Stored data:
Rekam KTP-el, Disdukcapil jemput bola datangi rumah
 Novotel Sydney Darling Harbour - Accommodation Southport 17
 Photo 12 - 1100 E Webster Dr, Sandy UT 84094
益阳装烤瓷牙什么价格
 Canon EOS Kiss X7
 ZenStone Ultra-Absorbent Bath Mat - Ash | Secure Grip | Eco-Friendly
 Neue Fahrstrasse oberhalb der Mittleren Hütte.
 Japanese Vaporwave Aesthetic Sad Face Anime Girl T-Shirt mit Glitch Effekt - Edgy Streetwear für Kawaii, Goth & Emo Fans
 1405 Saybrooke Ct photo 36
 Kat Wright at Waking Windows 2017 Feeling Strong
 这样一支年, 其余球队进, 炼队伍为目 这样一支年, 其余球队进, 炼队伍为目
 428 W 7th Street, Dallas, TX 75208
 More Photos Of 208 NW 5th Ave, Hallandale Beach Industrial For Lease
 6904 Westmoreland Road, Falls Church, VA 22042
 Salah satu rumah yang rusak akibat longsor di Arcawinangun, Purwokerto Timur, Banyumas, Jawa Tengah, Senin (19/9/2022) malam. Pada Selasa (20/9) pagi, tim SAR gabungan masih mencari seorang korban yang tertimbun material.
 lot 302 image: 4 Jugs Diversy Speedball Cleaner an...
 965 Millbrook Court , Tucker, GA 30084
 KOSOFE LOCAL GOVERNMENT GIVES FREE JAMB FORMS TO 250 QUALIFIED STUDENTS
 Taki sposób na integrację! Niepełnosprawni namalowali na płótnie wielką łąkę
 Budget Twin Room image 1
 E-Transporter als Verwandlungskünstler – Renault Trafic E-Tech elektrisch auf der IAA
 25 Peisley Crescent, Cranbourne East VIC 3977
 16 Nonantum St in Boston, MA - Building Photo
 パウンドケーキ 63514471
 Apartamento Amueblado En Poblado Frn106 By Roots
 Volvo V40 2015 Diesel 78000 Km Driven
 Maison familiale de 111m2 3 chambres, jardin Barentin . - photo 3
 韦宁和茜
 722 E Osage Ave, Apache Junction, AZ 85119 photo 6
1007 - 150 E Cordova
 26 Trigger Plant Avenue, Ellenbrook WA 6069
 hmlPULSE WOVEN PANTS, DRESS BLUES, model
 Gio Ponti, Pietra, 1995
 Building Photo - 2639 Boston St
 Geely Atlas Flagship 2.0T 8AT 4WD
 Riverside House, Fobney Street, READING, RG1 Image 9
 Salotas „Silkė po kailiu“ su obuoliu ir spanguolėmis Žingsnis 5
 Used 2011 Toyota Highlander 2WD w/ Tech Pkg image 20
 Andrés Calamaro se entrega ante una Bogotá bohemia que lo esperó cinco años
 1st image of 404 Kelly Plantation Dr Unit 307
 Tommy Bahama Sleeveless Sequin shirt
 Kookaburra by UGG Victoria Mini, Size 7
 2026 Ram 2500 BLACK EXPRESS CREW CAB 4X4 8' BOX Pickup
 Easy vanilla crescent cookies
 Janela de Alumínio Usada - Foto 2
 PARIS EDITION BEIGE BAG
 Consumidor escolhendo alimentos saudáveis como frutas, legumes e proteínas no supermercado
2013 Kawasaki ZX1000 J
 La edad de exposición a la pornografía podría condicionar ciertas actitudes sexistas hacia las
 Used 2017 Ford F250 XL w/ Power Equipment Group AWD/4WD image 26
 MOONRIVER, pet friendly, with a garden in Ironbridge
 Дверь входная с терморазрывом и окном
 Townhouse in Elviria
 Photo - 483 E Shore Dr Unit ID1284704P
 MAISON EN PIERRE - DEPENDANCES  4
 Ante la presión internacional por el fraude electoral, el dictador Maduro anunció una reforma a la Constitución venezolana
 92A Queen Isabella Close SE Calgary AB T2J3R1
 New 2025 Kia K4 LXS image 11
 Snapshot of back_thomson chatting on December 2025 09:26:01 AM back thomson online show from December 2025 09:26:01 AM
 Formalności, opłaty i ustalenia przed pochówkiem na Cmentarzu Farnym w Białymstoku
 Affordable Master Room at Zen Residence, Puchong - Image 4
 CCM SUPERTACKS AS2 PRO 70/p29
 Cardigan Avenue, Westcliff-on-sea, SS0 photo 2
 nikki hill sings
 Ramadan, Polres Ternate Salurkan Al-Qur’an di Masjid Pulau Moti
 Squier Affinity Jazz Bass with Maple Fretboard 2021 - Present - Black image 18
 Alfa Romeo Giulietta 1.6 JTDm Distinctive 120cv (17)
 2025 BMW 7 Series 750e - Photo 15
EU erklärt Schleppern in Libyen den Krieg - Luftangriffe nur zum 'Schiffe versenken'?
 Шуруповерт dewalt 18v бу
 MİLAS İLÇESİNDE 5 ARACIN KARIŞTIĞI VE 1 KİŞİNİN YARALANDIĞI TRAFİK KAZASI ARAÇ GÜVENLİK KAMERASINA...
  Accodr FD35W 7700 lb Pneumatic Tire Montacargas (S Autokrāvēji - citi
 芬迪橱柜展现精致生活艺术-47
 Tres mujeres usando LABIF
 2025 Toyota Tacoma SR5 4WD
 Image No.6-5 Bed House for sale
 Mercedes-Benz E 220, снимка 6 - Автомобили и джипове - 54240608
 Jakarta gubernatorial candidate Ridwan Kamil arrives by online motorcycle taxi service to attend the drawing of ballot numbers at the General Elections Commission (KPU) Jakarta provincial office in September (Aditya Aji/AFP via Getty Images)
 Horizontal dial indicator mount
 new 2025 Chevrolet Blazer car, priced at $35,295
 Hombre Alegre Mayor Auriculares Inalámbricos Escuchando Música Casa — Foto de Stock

→ **BRIEF**
Find every line above where the word "online" occurs, and copy that line.

→ **EXERCISE SOLUTION**
 Snapshot of back_thomson chatting on December 2025 09:26:01 AM back thomson online show from December 2025 09:26:01 AM
 Jakarta gubernatorial candidate Ridwan Kamil arrives by online motorcycle taxi service to attend the drawing of ballot numbers at the General Elections Commission (KPU) Jakarta provincial office in September (Aditya Aji/AFP via Getty Images)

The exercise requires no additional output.